* [What to work on]
Omit all pictures. Quote only the lines from the one with "Data export allows" through the end of the material below.

◇ ◇ ◇ ◇ ◇ ◇ ◇

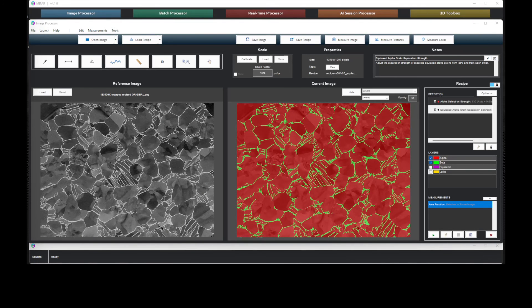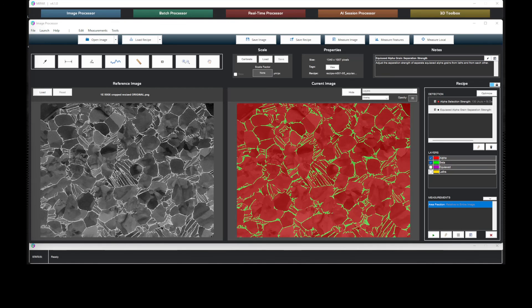The capabilities of detection, measurement, and report generation are also available when processing batches of images.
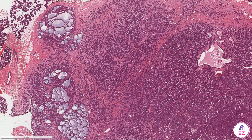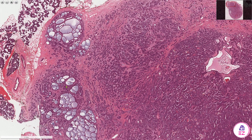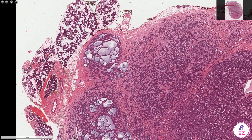Hello and welcome to Path Made Easy. Today's example is an adenoid cystic carcinoma. The tumour is encompassing much of the image on screen. Over in the top left, we do have some normal parotid parenchyma.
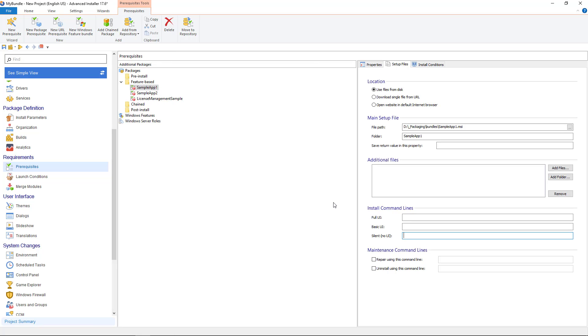For MSI packages the command line is slash qn. For exe packages use the command line documented by the tool used to package the application. For Advanced Installer use slash exe no ui slash qn.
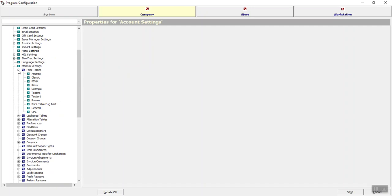My suggestion would be to create a new promise date schedule for this temporary change, as opposed to editing your current promise dates, because then you don't have to go back and change them again once your store hours go back to normal.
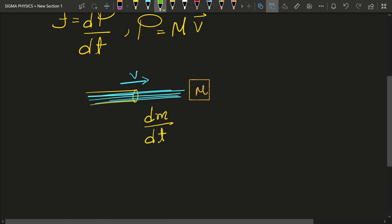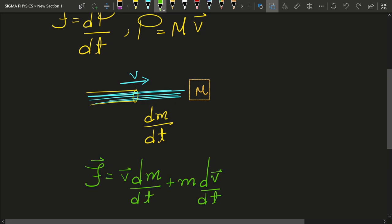Then the force on the mass m would be given by this equation after using product rule. Now since the water is not accelerating, the second term goes to zero.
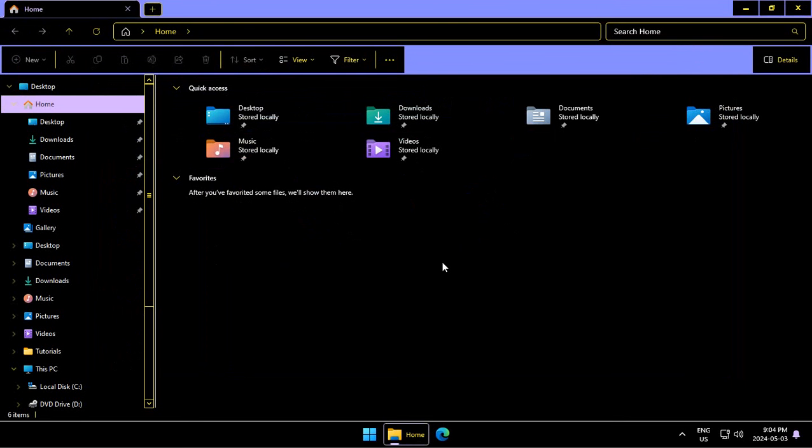Now, some third party apps will not honor the theme that you choose. So you'll still see some things that follow the standard view.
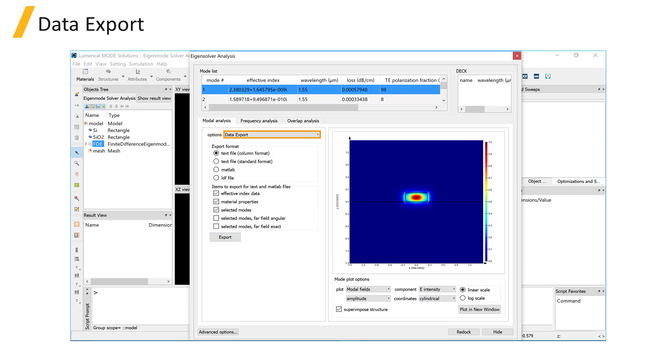Data export allows export to text file, MATLAB file, and numerical data file. You can select data to export effective index, material properties, modes, or far field and click on the export button.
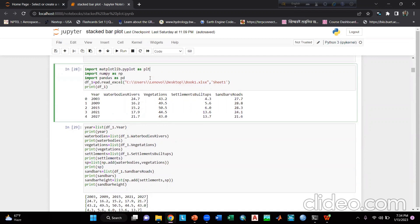I have already written the code and will just demonstrate it. First, we have to import the necessary modules: import matplotlib.pyplot as plt, import numpy as np, and import pandas as pd. Then I have taken a variable named df_one and written pd.read_excel with the location of my Excel file and the sheet name Sheet1. If we print df_one, our Excel file values have been imported.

◇ ◇ ◇ ◇ ◇ ◇ ◇

* [Your solution]
Data export allows export to text file, MATLAB file, and numerical data file. You can select data to export effective index, material properties, modes, or far field and click on the export button.
I have already written the code and will just demonstrate it. First, we have to import the necessary modules: import matplotlib.pyplot as plt, import numpy as np, and import pandas as pd. Then I have taken a variable named df_one and written pd.read_excel with the location of my Excel file and the sheet name Sheet1. If we print df_one, our Excel file values have been imported.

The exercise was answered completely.